Fuelled by real demand, Goslett predicts that Cape Town will continue to see positive house price growth in 2018. “While the very steep upward curve we are currently seeing may flatten marginally, Cape Town will remain a lucrative investment destination from both a capital growth and rental income perspective as the current growth is not a bubble.”

He notes that the vast pace of semigration to the Cape has meant that infrastructure development is not keeping up with the current pace of population growth in the Western Cape, especially in the greater city, a challenge that will need to be addressed in 2018 and beyond. “Infrastructure such as roads and transport routes into the city will need to be upgraded to cater for not just the current growth in people, but for future growth as well,” he says.

While property sales in Cape Town increased, Johannesburg experienced a slowdown this year. “Although sales were up marginally in 2017 on the previous year, there was a decline in registrations due to issues such as the lack of available bank finance and lags at the deeds office.”

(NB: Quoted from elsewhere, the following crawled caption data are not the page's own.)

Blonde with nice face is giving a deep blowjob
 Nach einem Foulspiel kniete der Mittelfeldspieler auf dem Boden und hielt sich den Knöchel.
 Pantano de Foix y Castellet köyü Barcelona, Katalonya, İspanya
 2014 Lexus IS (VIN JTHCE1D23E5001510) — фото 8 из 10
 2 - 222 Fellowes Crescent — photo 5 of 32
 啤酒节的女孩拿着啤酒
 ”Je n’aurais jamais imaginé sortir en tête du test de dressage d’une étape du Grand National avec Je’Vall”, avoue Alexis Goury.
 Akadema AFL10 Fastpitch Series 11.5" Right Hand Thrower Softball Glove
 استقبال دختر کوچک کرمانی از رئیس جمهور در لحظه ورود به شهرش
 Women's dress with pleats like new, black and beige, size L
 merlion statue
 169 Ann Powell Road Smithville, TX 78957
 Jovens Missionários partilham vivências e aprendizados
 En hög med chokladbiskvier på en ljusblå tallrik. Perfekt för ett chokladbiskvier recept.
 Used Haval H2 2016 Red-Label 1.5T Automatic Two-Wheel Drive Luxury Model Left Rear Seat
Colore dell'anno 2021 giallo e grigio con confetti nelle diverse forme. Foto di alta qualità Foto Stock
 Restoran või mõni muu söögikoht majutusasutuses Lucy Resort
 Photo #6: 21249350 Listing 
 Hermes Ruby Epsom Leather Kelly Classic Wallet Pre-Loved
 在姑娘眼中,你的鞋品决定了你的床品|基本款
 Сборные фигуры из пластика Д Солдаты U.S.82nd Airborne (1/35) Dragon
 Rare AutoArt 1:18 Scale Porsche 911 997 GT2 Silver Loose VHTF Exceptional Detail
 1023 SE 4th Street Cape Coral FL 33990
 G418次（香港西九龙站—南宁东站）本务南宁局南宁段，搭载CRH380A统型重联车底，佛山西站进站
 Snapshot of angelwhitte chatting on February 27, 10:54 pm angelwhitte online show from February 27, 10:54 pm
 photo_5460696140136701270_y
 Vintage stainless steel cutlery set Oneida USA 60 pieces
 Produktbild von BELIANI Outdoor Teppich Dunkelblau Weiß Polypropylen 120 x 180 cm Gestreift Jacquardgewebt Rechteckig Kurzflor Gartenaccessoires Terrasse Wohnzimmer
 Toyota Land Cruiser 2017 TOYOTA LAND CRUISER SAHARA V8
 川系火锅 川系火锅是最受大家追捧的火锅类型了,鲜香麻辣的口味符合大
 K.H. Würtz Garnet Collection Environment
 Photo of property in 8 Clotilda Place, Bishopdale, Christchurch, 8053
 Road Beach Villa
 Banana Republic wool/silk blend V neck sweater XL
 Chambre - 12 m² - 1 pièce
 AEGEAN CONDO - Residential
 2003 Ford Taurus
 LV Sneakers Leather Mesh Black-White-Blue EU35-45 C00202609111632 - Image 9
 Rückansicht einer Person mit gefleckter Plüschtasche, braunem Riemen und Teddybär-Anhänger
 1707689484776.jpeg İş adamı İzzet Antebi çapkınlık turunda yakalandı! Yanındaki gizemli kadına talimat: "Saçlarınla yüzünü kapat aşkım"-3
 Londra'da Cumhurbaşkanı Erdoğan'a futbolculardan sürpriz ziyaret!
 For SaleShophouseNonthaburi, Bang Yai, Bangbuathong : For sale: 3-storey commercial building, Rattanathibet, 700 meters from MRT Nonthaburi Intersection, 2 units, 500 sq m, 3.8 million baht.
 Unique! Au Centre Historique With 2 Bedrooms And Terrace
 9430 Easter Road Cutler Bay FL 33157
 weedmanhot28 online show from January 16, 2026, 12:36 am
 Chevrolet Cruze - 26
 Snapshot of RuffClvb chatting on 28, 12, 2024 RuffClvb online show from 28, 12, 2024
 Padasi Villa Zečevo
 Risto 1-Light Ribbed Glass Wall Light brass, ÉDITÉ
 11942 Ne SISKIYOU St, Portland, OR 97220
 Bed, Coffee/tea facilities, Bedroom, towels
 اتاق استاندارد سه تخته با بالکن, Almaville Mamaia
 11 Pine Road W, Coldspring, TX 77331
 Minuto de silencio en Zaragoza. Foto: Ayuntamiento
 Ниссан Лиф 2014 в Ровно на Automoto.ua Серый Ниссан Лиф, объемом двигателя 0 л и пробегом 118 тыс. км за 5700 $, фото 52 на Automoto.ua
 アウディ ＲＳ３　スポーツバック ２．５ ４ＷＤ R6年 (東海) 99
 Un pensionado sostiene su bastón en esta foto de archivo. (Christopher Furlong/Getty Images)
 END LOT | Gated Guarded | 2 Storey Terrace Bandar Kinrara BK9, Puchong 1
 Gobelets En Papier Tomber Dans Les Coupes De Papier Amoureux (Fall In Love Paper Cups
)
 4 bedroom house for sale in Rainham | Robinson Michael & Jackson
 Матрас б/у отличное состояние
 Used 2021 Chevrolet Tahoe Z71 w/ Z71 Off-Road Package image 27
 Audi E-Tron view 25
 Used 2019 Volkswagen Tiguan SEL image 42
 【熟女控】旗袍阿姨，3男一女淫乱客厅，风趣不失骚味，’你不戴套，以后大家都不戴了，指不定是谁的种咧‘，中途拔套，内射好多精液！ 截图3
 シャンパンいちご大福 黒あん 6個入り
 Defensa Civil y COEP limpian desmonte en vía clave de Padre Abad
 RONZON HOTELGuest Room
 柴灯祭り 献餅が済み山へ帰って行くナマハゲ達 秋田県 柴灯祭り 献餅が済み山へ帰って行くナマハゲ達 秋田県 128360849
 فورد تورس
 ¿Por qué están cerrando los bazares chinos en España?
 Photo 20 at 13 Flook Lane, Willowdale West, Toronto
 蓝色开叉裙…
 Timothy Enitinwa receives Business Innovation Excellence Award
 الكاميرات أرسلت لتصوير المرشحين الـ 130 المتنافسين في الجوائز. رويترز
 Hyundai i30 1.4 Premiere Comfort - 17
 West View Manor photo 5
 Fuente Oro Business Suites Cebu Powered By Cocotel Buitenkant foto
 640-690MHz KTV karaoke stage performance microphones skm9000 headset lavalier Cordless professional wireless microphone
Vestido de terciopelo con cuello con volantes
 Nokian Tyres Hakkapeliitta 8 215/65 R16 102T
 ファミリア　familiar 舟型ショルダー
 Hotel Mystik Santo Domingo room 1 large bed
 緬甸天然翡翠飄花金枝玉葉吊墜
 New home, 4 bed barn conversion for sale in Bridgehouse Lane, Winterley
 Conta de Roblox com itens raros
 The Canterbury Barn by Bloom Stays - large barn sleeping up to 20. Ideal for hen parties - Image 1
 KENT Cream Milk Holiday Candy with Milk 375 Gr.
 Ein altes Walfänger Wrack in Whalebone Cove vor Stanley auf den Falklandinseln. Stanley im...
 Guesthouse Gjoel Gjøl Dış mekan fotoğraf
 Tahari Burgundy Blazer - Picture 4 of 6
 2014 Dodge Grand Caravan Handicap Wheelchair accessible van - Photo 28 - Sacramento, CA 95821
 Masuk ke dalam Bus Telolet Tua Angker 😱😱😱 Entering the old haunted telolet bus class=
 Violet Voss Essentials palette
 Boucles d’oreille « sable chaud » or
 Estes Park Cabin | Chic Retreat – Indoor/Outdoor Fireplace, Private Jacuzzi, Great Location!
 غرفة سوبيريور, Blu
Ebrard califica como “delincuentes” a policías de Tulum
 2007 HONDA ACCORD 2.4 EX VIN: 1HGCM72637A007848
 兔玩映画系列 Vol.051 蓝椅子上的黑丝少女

“Despite plenty of stock available on the market, there is also a disparity between what sellers in the current market want for their property and what buyers are to prepared to pay,” says Goslett.

“Even with a slower market, Gauteng still accounted for the lion’s share of property transactions during this year. Johannesburg will continue to be the country’s economic hub, with almost 45% of RE/MAX sales emanating from Gauteng - albeit tough times.”

Looking ahead to 2018, Goslett says that the recent downgrade by another of the major credit rating agencies could see the Johannesburg market slow further, with finance likely to become more expensive.

“It will cost more for the government to borrow money, which in turn will have a knock-on effect on the consumer. Financial institutions will need to hold more money in reserve, which will make it more difficult to obtain credit, and the credit that is granted will come at a higher cost,” he explains. “A marginal mitigating factor is that to some degree financial institutions have already made provision and priced in the effects that a downgrade would have on credit costs.”

Another thing that will impact the market going forward is the governing party elections. “If there is a smooth, violence- and corruption-free transition of power in the governing party, I believe sentiment will pick up, which will manifest in real estate sales momentum and positive house price growth. We will have to wait and see,” says Goslett.